- _Supplied entries_
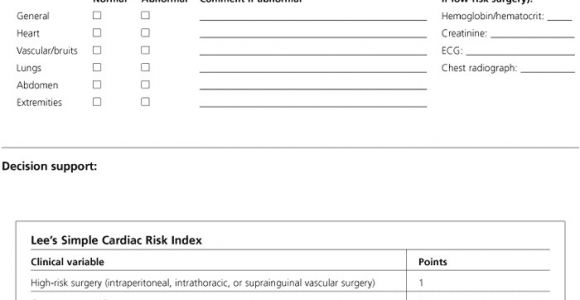 Preoperative Evaluation Template Preoperative Evaluation for Noncardiac Surgery Point Of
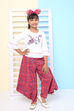 White And Red Cotton Indie Mickey Embroidered Top And Pant Set image number 0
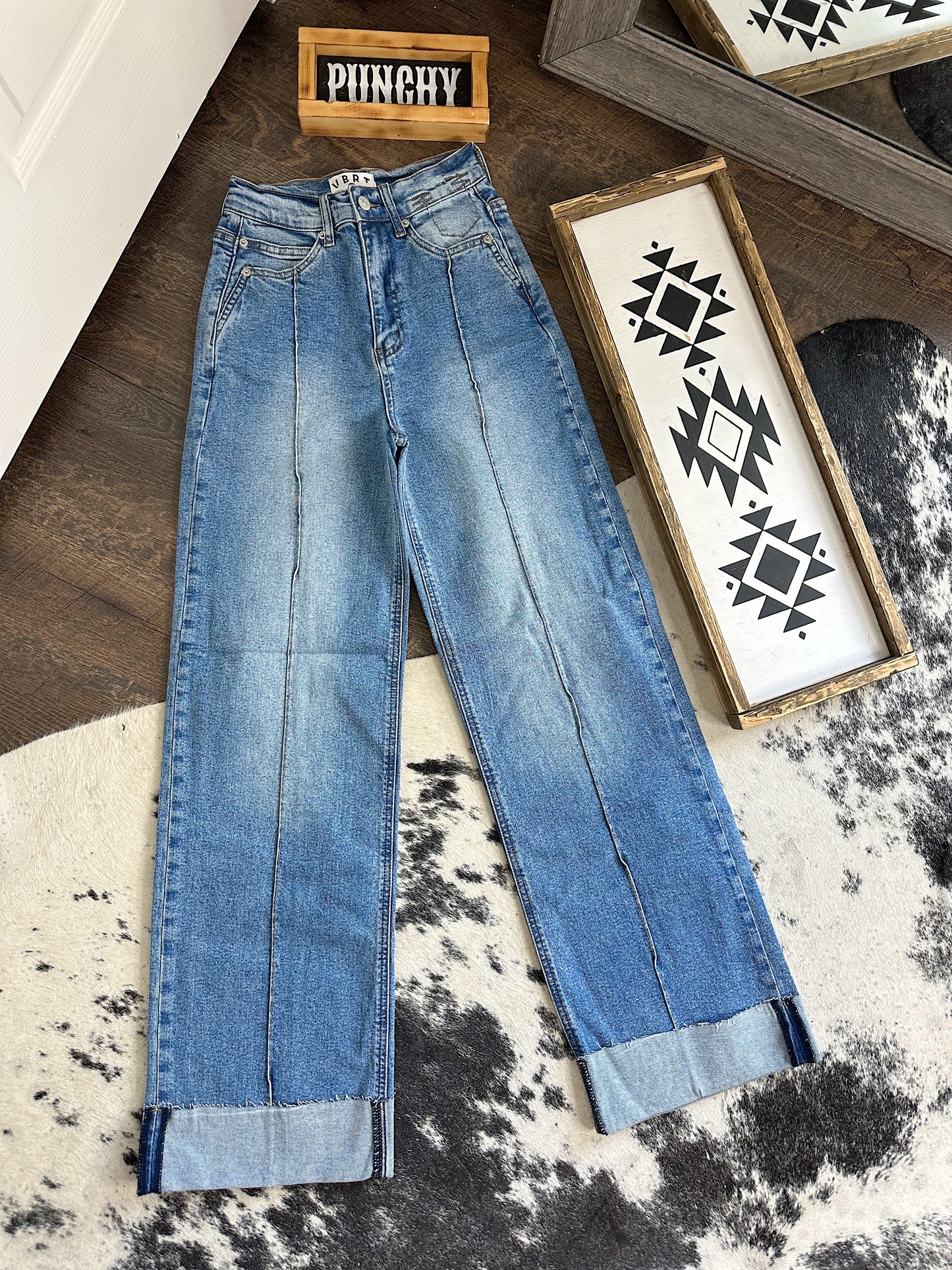 The Pin Stripe Cuff Jeans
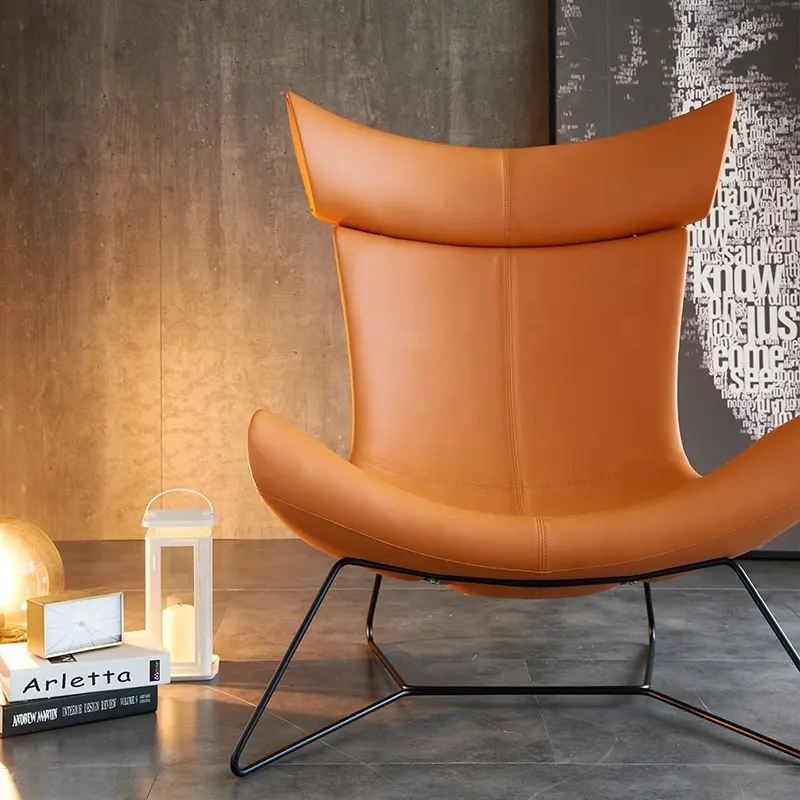Modern rotating comfortable leisure chair with stool footrest LS-02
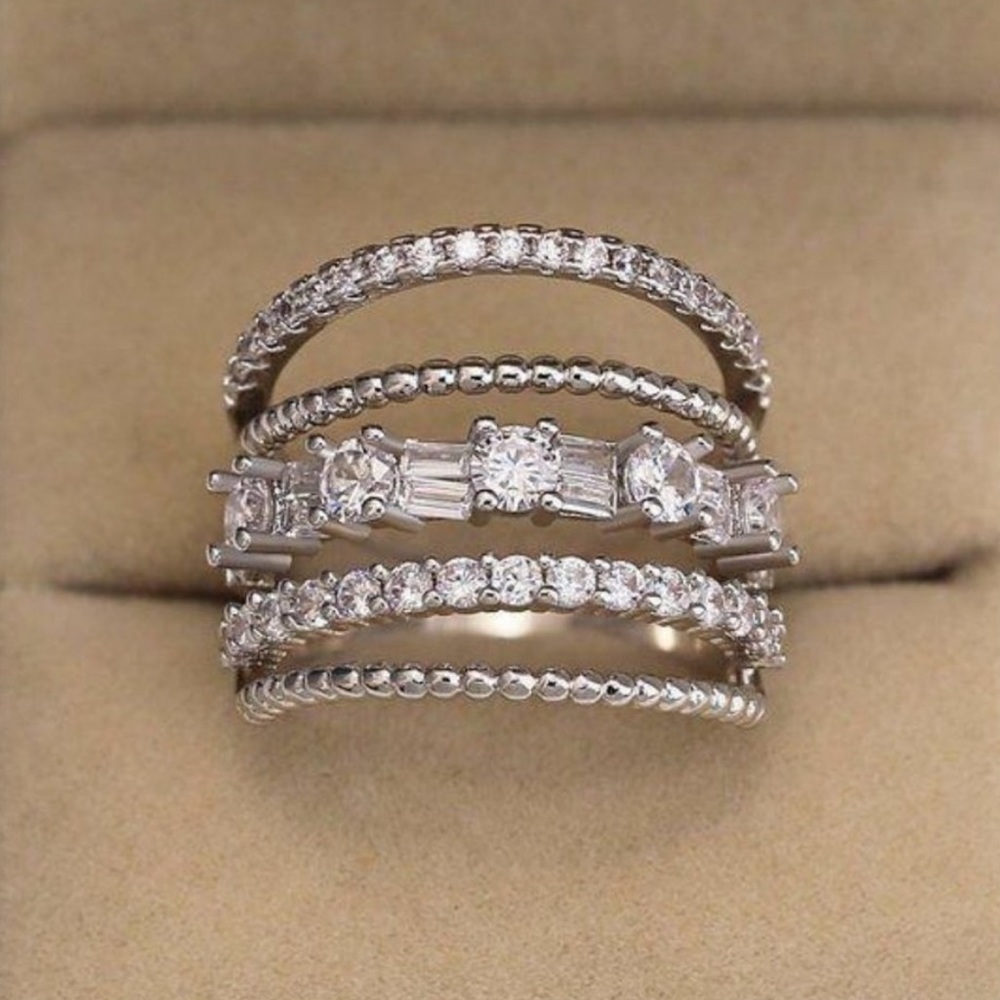 💍NEW 925 STERLING SILVER DIAMOND MULTI BAND RING - Picture 2 of 5
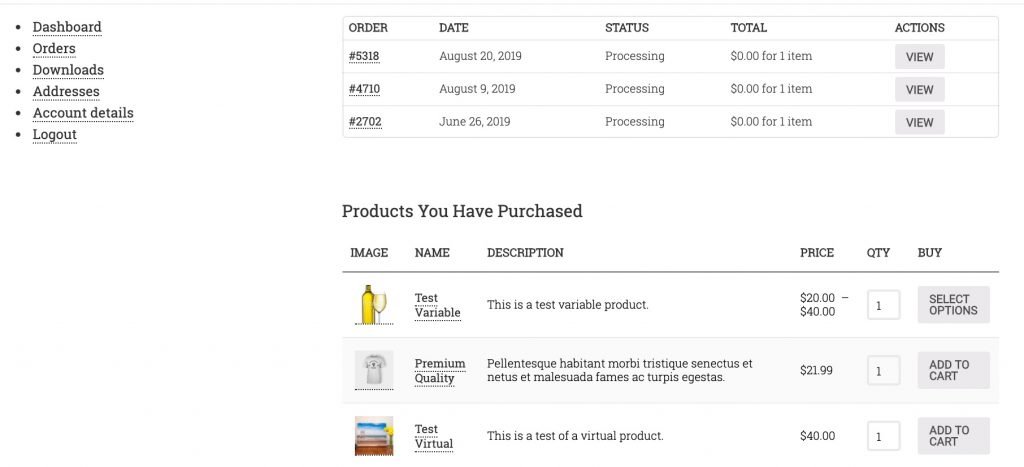 WooCommerce customer dashboard showing list of recent orders plus table or unique products purchased perfect substitute for ActiveCampaign Last Order Details.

- _Assignment_
The records above are to be quoted exactly, with all pictures left out.

- _Answer to this task_
 Preoperative Evaluation Template Preoperative Evaluation for Noncardiac Surgery Point Of
 White And Red Cotton Indie Mickey Embroidered Top And Pant Set image number 0
 The Pin Stripe Cuff Jeans
Modern rotating comfortable leisure chair with stool footrest LS-02
 💍NEW 925 STERLING SILVER DIAMOND MULTI BAND RING - Picture 2 of 5
 WooCommerce customer dashboard showing list of recent orders plus table or unique products purchased perfect substitute for ActiveCampaign Last Order Details.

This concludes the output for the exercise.